Cell Tower REIT Stock Performance
As noted above, Cell Tower REITs have been one of the weakest-performing property sectors since early 2022, an uncharacteristic stretch of poor performance following a half-decade of industry-leading returns. The Hoya Capital Cell Tower REIT Index dipped 29% in 2022, underperforming the broad-based Vanguard Real Estate ETF (VNQ), which declined by 25%. Through the first quarter of 2023, Cell Tower REITs are lower by another 9%, lagging the 5% decline from the broader REIT Index.
The two-year stretch of underperformance follows a streak of six-straight years of outperformance from 2015 through 2020, which was the second-longest streak in REIT sector history behind the nine-straight years of outperformance from the Manufactured Housing REIT sector from 2013-2021. Despite this weak recent performance, Cell Tower REITs have still delivered total returns of 8.1%, which are double that of the broader REIT Index (4.2%) over the past five years. Over the past five years, SBAC has delivered the highest average annual total return at 9.4%, followed by AMT at 8.9% and CCI at 7.5%. UNIT has been a laggard over the past half-decade.
Cell Tower REIT Dividend Yields
Cell Tower REITs pay an average dividend yield of 3.7%, below the market-cap-weighted REIT sector average of roughly 4.1%, but have been among the leaders in dividend growth throughout their history. Cell towers were one of the few property sectors that were untouched by the wave of dividend cuts and suspensions that hit the REIT sector in 2020 and have delivered robust annual dividend growth averaging over 7% over the past five years. Cell Tower REITs retain roughly half of their free cash flow, leaving ample free cash flow for external growth and additional dividend growth.
Among the three larger cell tower REITs, we note that only Crown Castle acts like a "typical REIT" when it comes to distributions, paying a relatively healthy 4.9% dividend yield, which is roughly 80% of its available cash flow.
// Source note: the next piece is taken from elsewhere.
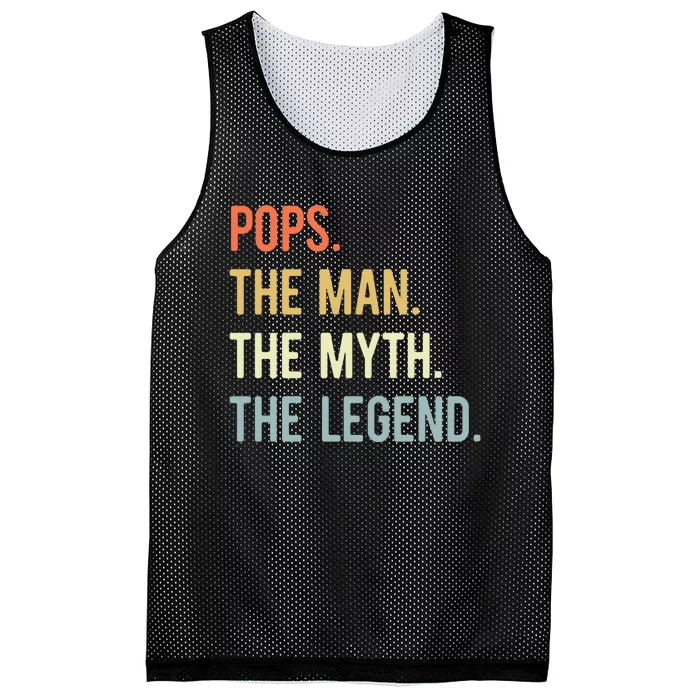 Pops The Man The Myth The Legend Retro Vintage Mesh Reversible Basketball Jersey Tank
American Tower, meanwhile, pays a relatively lower 3.2% yield, while SBA Communications pays a yield of roughly 1.3%. Uniti Group pays a yield of 17.1%, but has lagged behind its peers when it comes to dividend growth and its debt-heavy balance sheet has prompted calls from analysts in recent quarters to focus on debt reduction through a dividend reduction.
Takeaways: Tech Wreck Opportunity
Concern over the long-term competitive positioning of land-based cellular networks in the ever-evolving telecommunications industry has been amplified by the accelerated rollout of satellite-based networks offering some mobile connectivity. Low-Earth-Orbit ("LEO") satellite-based networks are an improvement over older geostationary technology, but there remain unavoidable physical and technical limitations that will limit its use-case to niche applications that lack better options. 5G has found its "killer app." Fixed Wireless Access ("FWA") - home broadband provided by carriers through cellular networks - is for real. Roughly 90% of net broadband subscribers added in 2022 are using FWA, taking share from traditional wireline and satellite services. Legacy cable providers have responded by expanding their own cell service offerings - in some cases becoming tenants themselves on macro towers and small-cells, a dynamic that we believe further solidifies the competitive positioning of cell tower REITs for at least the next decade.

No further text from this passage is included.